GOAL OF THE EXERCISE – Copy each line of the entries beneath that contains the word "while".

MATERIAL SUPPLIED –

# # #

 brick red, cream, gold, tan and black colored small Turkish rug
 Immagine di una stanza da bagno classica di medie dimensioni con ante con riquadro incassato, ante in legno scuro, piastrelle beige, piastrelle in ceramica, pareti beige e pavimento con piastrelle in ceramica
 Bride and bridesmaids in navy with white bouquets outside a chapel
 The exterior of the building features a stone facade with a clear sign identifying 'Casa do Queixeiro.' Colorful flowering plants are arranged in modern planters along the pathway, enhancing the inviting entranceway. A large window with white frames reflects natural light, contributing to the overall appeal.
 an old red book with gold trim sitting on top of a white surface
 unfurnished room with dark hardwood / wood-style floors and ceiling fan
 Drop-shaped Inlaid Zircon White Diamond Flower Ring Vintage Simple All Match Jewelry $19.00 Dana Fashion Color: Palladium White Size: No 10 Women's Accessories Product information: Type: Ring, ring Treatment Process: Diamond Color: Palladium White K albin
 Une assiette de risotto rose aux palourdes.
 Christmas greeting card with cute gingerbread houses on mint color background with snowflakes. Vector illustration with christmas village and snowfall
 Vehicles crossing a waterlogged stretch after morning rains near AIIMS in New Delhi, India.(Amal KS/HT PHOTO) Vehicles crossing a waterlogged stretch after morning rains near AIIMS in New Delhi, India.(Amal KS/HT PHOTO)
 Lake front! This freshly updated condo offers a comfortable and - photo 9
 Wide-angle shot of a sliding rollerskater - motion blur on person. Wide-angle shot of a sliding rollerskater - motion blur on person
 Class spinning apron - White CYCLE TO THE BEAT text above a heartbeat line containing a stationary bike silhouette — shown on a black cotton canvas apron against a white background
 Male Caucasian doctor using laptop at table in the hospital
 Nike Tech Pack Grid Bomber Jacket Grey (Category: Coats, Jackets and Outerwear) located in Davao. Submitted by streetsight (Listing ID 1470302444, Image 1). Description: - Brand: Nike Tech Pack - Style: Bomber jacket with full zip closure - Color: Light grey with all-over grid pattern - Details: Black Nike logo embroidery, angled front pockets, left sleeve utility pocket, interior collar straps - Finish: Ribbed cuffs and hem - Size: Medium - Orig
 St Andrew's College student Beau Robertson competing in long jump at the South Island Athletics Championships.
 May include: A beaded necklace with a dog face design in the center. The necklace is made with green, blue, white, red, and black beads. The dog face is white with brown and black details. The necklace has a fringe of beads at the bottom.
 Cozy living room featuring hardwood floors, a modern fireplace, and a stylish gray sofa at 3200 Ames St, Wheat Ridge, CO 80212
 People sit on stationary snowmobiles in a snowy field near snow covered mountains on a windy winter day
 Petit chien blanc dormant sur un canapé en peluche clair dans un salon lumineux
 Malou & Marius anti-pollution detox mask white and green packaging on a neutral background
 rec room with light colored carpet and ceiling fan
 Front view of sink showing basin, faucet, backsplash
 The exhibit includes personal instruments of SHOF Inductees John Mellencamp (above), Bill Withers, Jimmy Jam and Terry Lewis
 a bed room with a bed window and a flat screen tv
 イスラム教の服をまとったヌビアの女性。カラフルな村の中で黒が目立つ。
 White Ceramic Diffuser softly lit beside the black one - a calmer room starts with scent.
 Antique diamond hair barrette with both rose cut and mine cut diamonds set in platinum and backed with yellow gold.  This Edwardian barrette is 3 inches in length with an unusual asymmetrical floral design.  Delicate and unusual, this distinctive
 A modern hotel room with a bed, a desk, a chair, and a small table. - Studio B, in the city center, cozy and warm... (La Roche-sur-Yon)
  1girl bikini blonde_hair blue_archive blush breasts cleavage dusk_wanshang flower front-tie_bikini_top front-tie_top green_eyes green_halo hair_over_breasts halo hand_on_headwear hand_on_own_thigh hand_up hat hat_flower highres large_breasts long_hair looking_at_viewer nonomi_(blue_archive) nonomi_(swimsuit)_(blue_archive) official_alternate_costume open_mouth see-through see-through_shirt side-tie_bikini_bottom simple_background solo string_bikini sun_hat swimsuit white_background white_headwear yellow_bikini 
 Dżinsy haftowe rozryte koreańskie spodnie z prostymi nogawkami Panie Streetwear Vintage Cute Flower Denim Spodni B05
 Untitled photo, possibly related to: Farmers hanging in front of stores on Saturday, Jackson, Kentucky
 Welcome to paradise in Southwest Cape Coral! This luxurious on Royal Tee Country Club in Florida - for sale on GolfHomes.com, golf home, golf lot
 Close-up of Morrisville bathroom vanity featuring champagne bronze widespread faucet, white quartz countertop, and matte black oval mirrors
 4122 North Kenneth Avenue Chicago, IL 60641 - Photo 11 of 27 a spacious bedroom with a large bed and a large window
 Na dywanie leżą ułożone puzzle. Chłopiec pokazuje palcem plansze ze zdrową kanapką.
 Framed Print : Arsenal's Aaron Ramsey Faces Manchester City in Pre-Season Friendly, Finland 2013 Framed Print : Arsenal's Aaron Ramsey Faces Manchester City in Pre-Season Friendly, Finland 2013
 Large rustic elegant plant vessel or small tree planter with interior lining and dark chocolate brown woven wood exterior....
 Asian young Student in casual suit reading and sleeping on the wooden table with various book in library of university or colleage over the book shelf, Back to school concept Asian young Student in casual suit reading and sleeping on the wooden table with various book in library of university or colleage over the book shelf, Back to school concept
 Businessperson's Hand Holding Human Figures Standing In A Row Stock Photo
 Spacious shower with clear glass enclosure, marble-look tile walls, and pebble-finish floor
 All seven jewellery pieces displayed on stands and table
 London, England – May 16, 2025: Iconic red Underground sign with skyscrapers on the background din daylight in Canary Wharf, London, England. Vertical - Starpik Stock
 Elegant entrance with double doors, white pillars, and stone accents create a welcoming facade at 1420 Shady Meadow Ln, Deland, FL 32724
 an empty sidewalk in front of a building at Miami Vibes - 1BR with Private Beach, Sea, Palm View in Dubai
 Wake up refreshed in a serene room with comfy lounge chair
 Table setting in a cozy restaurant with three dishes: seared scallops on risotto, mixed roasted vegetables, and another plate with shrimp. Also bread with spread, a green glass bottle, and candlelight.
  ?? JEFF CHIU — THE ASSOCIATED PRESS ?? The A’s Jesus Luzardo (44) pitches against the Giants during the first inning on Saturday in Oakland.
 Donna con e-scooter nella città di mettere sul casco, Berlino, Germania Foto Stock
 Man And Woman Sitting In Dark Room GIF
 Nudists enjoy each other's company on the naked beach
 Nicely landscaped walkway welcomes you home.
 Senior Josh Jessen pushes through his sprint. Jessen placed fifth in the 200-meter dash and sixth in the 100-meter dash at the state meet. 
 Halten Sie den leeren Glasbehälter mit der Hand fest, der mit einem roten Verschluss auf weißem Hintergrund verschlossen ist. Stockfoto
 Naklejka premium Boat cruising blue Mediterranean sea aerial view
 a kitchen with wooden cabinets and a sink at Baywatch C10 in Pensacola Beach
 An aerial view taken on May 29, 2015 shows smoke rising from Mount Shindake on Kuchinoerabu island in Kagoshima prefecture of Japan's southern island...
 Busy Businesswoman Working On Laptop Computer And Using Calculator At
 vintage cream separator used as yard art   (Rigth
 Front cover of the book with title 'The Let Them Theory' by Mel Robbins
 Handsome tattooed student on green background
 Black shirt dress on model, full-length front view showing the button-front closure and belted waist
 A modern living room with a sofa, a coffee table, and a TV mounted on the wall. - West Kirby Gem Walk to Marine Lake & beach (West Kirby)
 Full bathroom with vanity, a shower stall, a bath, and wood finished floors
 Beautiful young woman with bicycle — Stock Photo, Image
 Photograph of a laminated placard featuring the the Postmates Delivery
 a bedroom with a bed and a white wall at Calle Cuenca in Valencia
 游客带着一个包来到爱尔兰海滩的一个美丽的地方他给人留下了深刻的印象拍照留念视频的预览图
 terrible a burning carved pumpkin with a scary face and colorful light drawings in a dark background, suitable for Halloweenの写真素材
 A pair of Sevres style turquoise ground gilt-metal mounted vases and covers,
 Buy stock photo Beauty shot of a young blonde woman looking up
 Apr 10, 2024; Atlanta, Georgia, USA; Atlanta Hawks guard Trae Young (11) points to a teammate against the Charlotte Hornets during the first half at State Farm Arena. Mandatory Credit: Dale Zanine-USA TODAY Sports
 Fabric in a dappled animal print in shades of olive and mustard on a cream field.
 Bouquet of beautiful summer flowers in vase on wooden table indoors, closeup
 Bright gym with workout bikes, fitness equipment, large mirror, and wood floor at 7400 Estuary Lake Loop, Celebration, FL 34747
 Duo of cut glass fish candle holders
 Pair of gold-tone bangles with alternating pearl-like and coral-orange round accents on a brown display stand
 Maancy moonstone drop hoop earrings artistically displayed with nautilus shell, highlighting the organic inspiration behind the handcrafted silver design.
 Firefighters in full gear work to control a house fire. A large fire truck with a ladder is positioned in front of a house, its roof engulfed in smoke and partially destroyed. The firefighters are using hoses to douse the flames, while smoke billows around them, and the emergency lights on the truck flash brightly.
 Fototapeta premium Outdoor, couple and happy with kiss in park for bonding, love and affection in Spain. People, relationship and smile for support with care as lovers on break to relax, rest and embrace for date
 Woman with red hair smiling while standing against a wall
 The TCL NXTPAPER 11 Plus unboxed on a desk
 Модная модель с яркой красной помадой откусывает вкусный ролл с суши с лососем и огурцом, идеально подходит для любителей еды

# # #

ANSWER BOX –
 Firefighters in full gear work to control a house fire. A large fire truck with a ladder is positioned in front of a house, its roof engulfed in smoke and partially destroyed. The firefighters are using hoses to douse the flames, while smoke billows around them, and the emergency lights on the truck flash brightly.
 Woman with red hair smiling while standing against a wall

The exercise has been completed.